It seemed obvious to Galen – despite his likely inability to birth a child – that you could “Turn outward the woman’s” … or “turn inward … the man’s” and “you will find the same in both in every respect.”
“The same in every respect.” Except that men also believed that a uterus was a living creature, mischievous and untrustworthy inside a woman’s body – “hysterical,” from the Greek word for “womb,” a castigation that someone’s excess of feeling or rage against patriarchal oppression was due not to circumstance but to her wandering organ. The genitalia that crept up inside her and latched onto her brain.
English is for alliteration (which sounds better if you slur the initial vowel sounds into sameness); romance for rhyming. Neither English nor true romance languages have great words for sex, but our latinate word is better.

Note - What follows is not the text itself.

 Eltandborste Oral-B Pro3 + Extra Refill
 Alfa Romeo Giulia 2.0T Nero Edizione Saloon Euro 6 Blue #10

The term “fornicate” comes from heat and warmth. Although not in the good, true way, that love can both spiritually and corporeally warm us like fresh baked bread. Instead, we have the word because sex is what goes on in brothels, and a traditional set of brothels had vaulted chambers, and these rooms vaguely resembled the shape of baker’s brick ovens, and these hot warm ovens were where bread was made.
Etymologically, fornication leaves something to be desired. And yet, it’s the best we have.
“Fuck” comes from farming and violence – the possible root words mean “to plow” or “to punch”. As though sex is something that a person with a penis does to another.
Not something shared – as with the Maori word “hika,” which can mean either making fire or making love – but something taken. Predisposing English speakers to see men’s genitals as pushy, greedy things. The English language can betray us as we try to build a better world.
Although at times there’s truth. The violence and the greed – at times, tragically often times, men can be such dicks.